Research output: Contribution to journalArticle

Kim-Da Destot-Wong, Kun Liang, Shailesh Kumar Gupta, Géraldine Favrais, Leslie Schwendimann, Julien Pansiot, Olivier Baud, Michael Spedding, Vincent Lelièvre, Shyamala Mani, Pierre Gressens

Original languageEnglish
Article numberN/A
Pages (from-to)277-286
Number of pages10
JournalNeuropharmacology
Volume57
Issue number3
DOIs
Publication statusPublished - Sep 2009

King's Authors

Abstract

Brain lesions induced in newborn mice by the glutamatergic agonists ibotenate (acting on NMDA and metabotropic receptors) or S-willardiine (acting on AMPA-kainate receptors) mimic some aspects of periventricular white matter lesions and neocortical grey matter damage observed in human neonates at risk for developing cerebral palsy.

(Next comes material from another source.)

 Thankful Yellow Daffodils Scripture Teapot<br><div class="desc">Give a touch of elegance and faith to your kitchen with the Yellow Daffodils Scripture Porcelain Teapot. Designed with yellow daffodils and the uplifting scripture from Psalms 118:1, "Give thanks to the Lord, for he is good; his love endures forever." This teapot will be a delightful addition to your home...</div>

The neonatal mouse brain can be sensitized to excitotoxic damage by IL-1beta exposure similar to that observed in the human situation. Positive modulators of AMPA receptors have received increasing attention as potential neuroprotective agents in a number of neurodegenerative disorders of the adult. However whether they can also act as a neuroprotectant in neonatal brain damage has yet to be defined. Therefore the present study uses a well-defined rodent model of neonatal excitotoxic brain lesions to assess the neuroprotective effects of S18986, a positive allosteric modulator of AMPA receptors, as well as its mechanisms of action. In this model, S18986 provided a dose-dependent and long-lasting protection of developing white matter and cortical grey matter against an excitotoxic insult and also when this was combined with a sensitizing inflammatory insult. Neuroprotective effects of S18986 in cortical grey matter involved decreased necrotic and apoptotic cell death. S18986-induced neuroprotection against NMDA receptor-mediated brain lesions was blocked by inhibitors of ERK and PI3 kinase-Akt pathways. S18986 effects were abolished by a neutralizing anti-BDNF antibody and real time PCR confirmed the stimulation by S18986 of BDNF production in the neonatal brain. The present study provides strong experimental support for the role of S18986 as a candidate molecule for therapy in cases of excitotoxic perinatal brain lesions and identifies BDNF as a key mediator of this S18986-mediated neuroprotection.